The flood destroyed the restaurant’s equipment and wine inventory, and forced Pastan to close for three months. Now, 2 Amys is back up and running (it reopened at the end of September), much to the delight of its regulars from the neighborhood.
“[The number of regulars we have] became pretty apparent to me when I spent two months just kind of sitting in the front window without any electricity as people wandered by. A lot of people would stop in just to say hello,” Pastan said.
Diners familiar with 2 Amys won’t be surprised by its present-day menu. The staff swapped out a few pizzas, starters and sides, but Pastan said 90 percent of the menu is the same.
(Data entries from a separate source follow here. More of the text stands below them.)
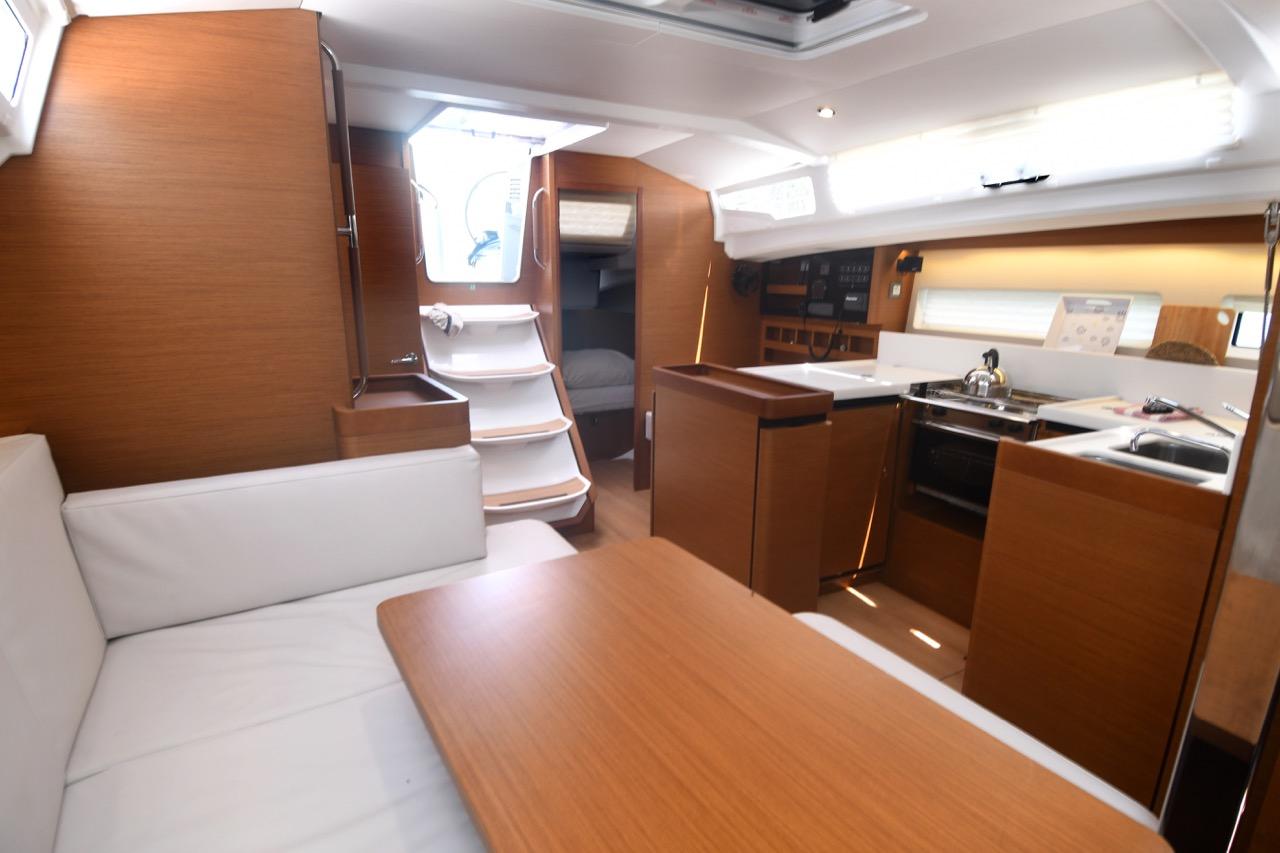 Sun Odyssey 440 - 4 cab., picture 6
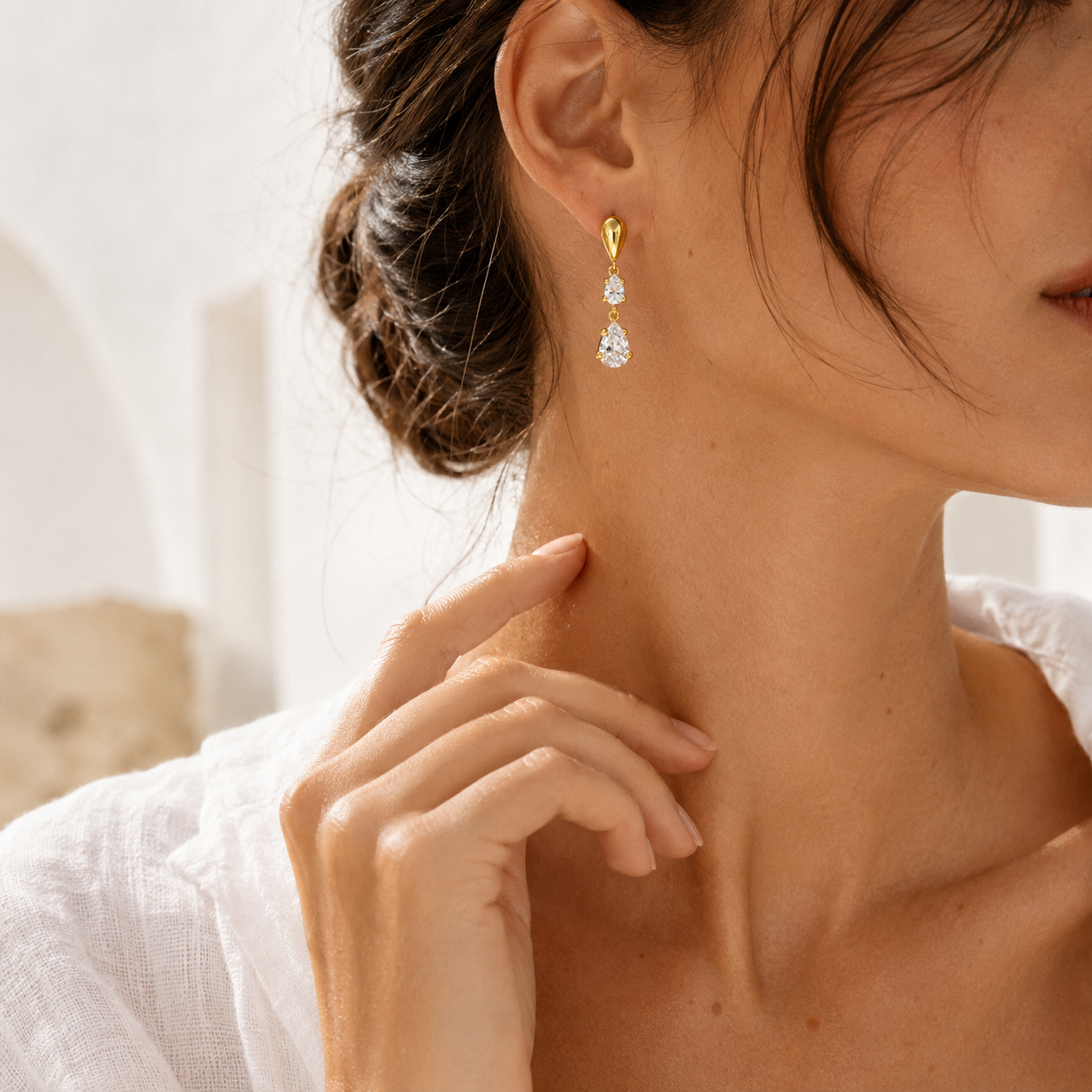 Pendientes Elara de oro 18 Kl. con circonitas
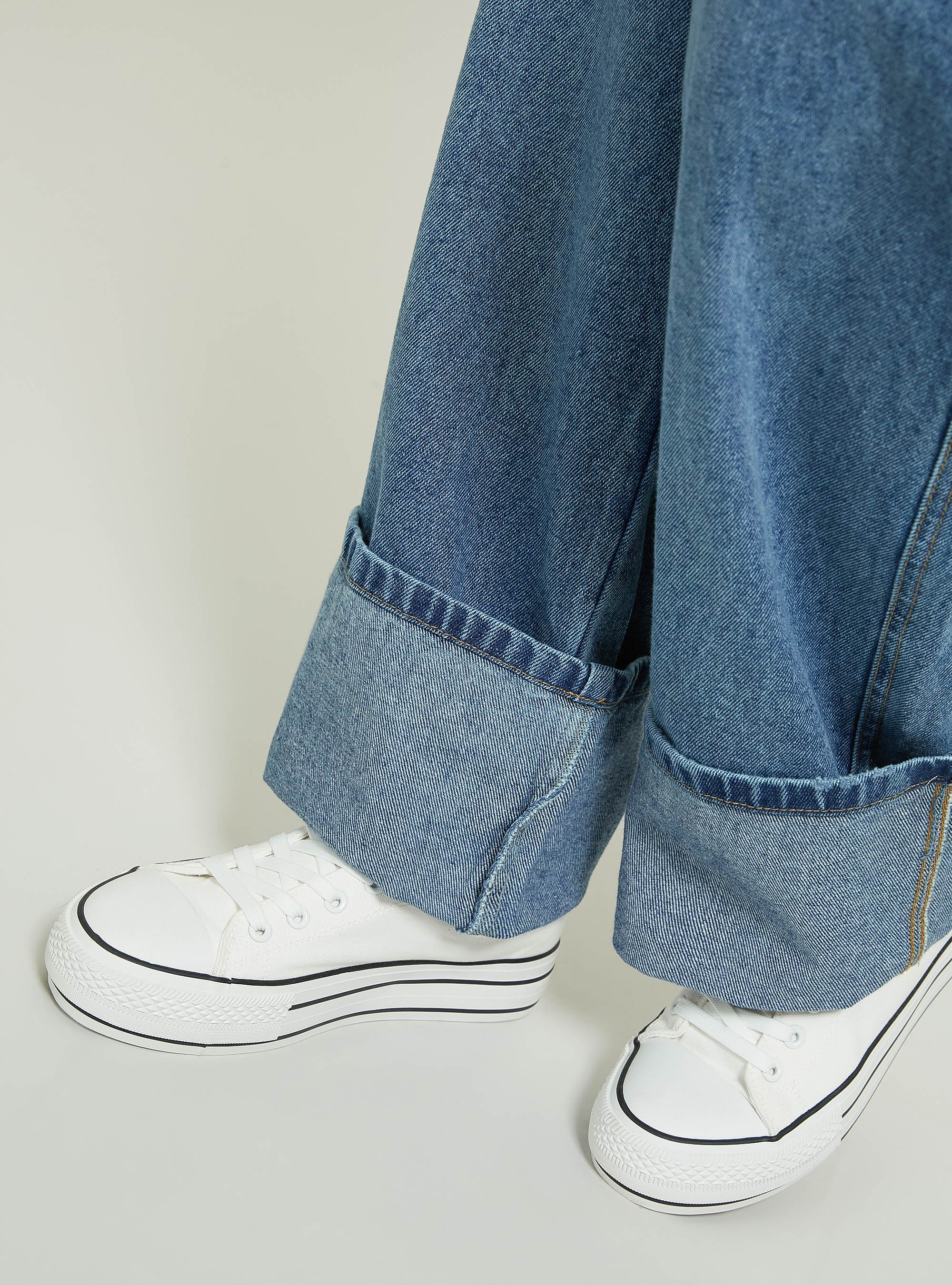 Regular Fit Jeans with Pleat, D005 LIGHT BLUE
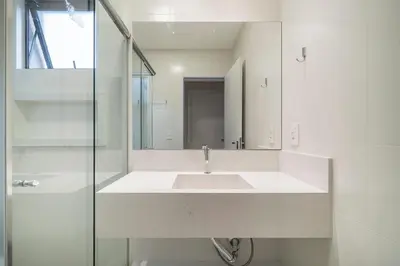 Uma casa de banho em 304 Bl 03 Waldgarten Bombinhas - Condomínio a 50 m do Mar e Frente Avenida - Condomínio de Alto Padrão - Piscina - Academia - Salão de jogos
However, the 2 Amys’ crew took the closure as an opportunity to revamp the restaurant’s wine list, making the switch from lesser-known Southern Italian varieties to Italian classics.
“‘Everything old is new again’ was our theme for redoing things,” Pastan said.
Pastan also put a new floor in the pizza oven and hung art in the bathroom — a collage an employee made from the labels of the damaged wine bottles. (If you’re curious about the best way to remove a wine label, Pastan said it’s in a 250-degree oven for 10 minutes.)
“We tried a lot of different methods and that, by far, works the best,” he said.
Not only did 2 Amys survive the flood this summer, but it’s also weathered D.C.’s recent restaurant boom. These days, diners have more choices than ever and businesses have more competition. But throughout its 17 years, the dining room at 2 Amys has stayed full; most weekends, there’s a wait.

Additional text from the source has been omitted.